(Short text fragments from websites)

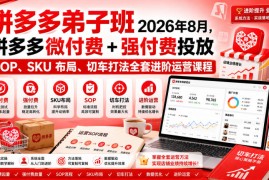Ay干多多‑拼多多弟子班2026年8月，拼多多微付费 强付费投放SOP、SKU布局、切车打法全套进阶运营课程
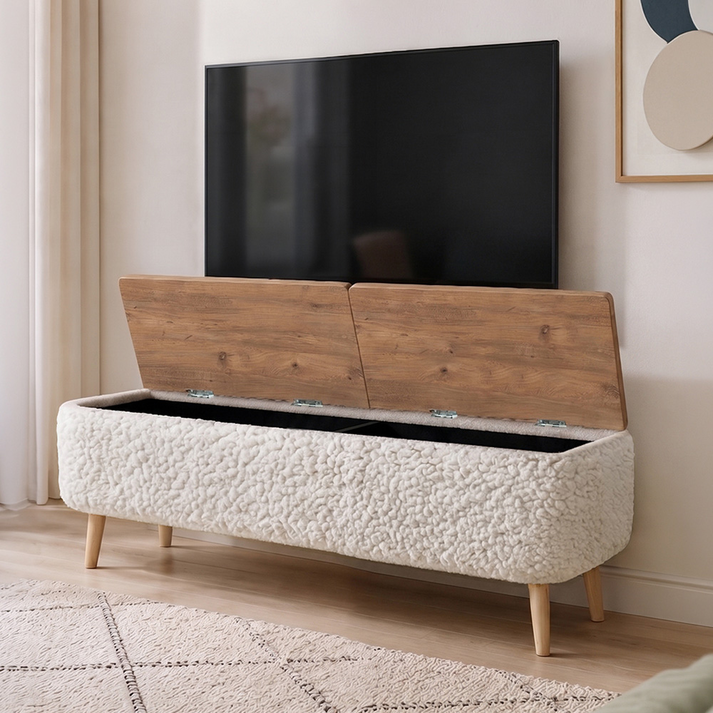 Έπιπλο τηλεόρασης Luno ύφασμα teddy χρώμα λευκό - pine oak 120x30x45εκ.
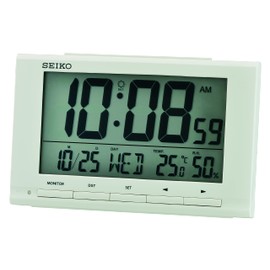 Seiko Clock Wecker digital weiß LCD QHL090W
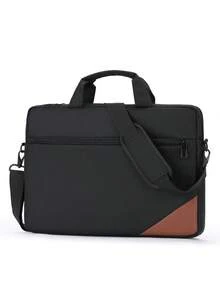 公文包采用涤纶材料制成，采用双层拉链闭合设计和可调节肩带。时尚，容量大，可容纳约 14 英寸的笔记本电脑。适合商务旅行、工作和其他场合有趣的礼物笔记本电脑包圣诞节假期感恩节男士礼物 - 黑色 - 查看 3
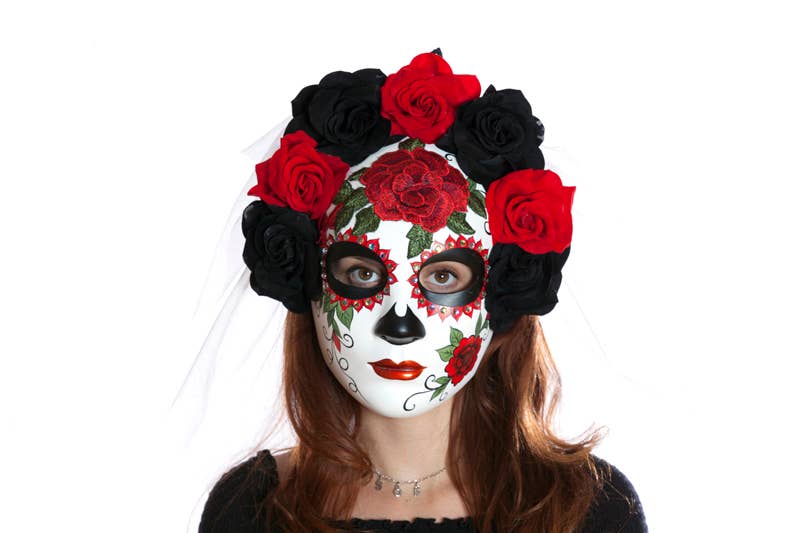 KBW Global Corp. - Wholesale Costume - Unisex - Day of the Dead Red Rose Veil Mask0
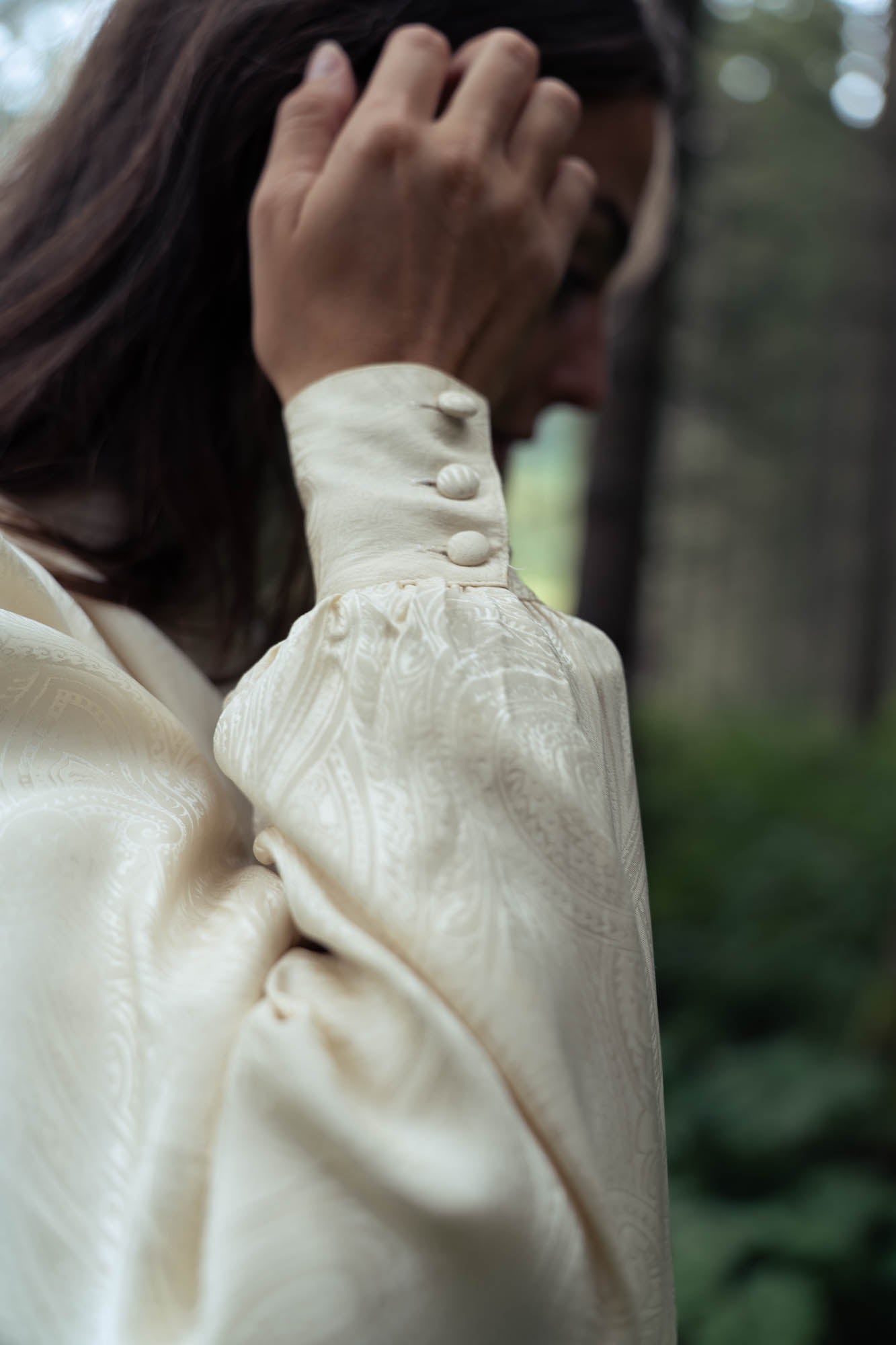 100% silk cream colored vintage blouse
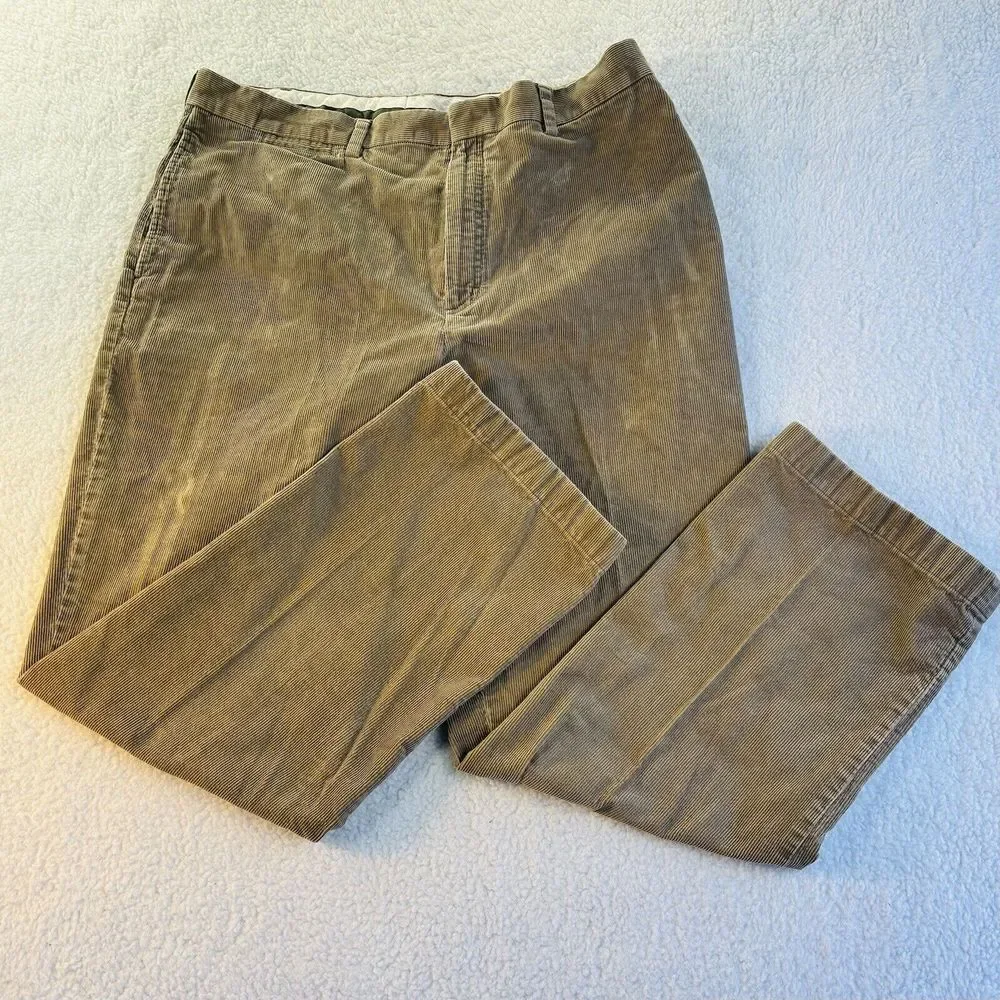 LL Bean Corduroy Pants Mens Size 40x32  Brown Straight Leg‎ Casual Natural Fit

*TASK*
Without the pictures, give back every record precisely as shown.

*WRITTEN SOLUTION*
Ay干多多‑拼多多弟子班2026年8月，拼多多微付费 强付费投放SOP、SKU布局、切车打法全套进阶运营课程
 Έπιπλο τηλεόρασης Luno ύφασμα teddy χρώμα λευκό - pine oak 120x30x45εκ.
 Seiko Clock Wecker digital weiß LCD QHL090W
 公文包采用涤纶材料制成，采用双层拉链闭合设计和可调节肩带。时尚，容量大，可容纳约 14 英寸的笔记本电脑。适合商务旅行、工作和其他场合有趣的礼物笔记本电脑包圣诞节假期感恩节男士礼物 - 黑色 - 查看 3
 KBW Global Corp. - Wholesale Costume - Unisex - Day of the Dead Red Rose Veil Mask0
 100% silk cream colored vintage blouse
 LL Bean Corduroy Pants Mens Size 40x32  Brown Straight Leg‎ Casual Natural Fit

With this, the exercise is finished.